Anbaufähigkeit
Englisch: arability
Die Fähigkeit von Boden, Vegetation zu erzeugen oder zu tragen.
Ackerfähigkeit: wie viel Ertrag ein Feld tatsächlich bringen kann
Ackerfähigkeit ist ein Maß für die Eignung eines Bodens, Kulturpflanzen zu tragen. Sie beschreibt nicht nur, ob Vegetation auf einem Grundstück überhaupt wachsen kann, sondern ob dieses Land unter bewirtschafteter Landwirtschaft verwertbare Erträge liefert. Ein Feld mit hoher Ackerfähigkeit reagiert zuverlässig auf Maßnahmen, bringt stabile Ernten und behält seine Struktur über die Jahreszeiten. Ein Feld mit niedriger Ackerfähigkeit arbeitet gegen den Landwirt: schlechte Drainage, Verdichtung, chemisches Ungleichgewicht oder flaches Bodenprofil machen jeden Vegetationszyklus zur Qual.
Das Konzept beruht auf mehreren messbaren Bodeneigenschaften. Die Bodenart (das Verhältnis von Sand, Schluff und Ton) bestimmt die Wasserspeicherung und Bearbeitbarkeit; ein lehmiger Mix mit etwa 40 Prozent Schluff, 40 Prozent Sand und 20 Prozent Ton gilt für die meisten Kulturen der gemäßigten Zone als ideal. Der Boden-pH, der Humusgehalt und die Nährstoffverfügbarkeit (Stickstoff, Phosphor, Kalium) versorgen die Pflanze direkt. Die Drainage, die Geschwindigkeit, mit der Wasser in das Bodenprofil eindringt, muss schnell genug sein, um Staunässe zu vermeiden, aber langsam genug, um Trockenstress zu verhindern. Die Tiefe zählt: flaches Bodenprofil über Gestein oder verdichteter Schicht begrenzt das Wurzelwachstum und die Wasserspeicher.
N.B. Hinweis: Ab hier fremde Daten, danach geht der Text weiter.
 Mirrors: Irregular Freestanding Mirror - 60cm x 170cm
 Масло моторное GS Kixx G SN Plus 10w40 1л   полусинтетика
Kartierung und Verbesserung
Landwirte beurteilen die Ackerfähigkeit durch Bodenuntersuchungen, Feldbeobachtung und Ertragsverlauf. GPS-kartierte Unterschiede innerhalb ein und desselben Feldes sind häufig; die eine Ecke entwässert schlecht, während die andere auf einer verdichteten Schicht liegt. Ackerfähigkeit ist nicht unveränderbar. Maßnahmen wie Tiefenlockerung, Subsoiling, Drainage mit Rohren, Kalkung und Humusaufbau können ein grenzwertiges Feld in den produktiven Bereich verschieben. Diese Verbesserungen sind kapitalintensiv und oft notwendig, bevor mechanisierte Aussaat rentabel wird.Der Begriff hat Gewicht in Landwertschätzung und behördlichen Zusammenhängen. Regierungen klassifizieren Flächen teilweise nach Ackerfähigkeit bei der Festlegung von Agrarzonierung oder Naturschutzpolitik. Ein als nicht ackerfähig eingestuftes Feld darf in manchen Ländern nicht bebaut werden; Naturland kann ohne Ackerfähigkeitsprüfung nicht zur Landwirtschaft umgenutzt werden. Diese Unterscheidung beeinflusst Bodenschutzprogramme, Subventionsfähigkeit und Grundsteuer.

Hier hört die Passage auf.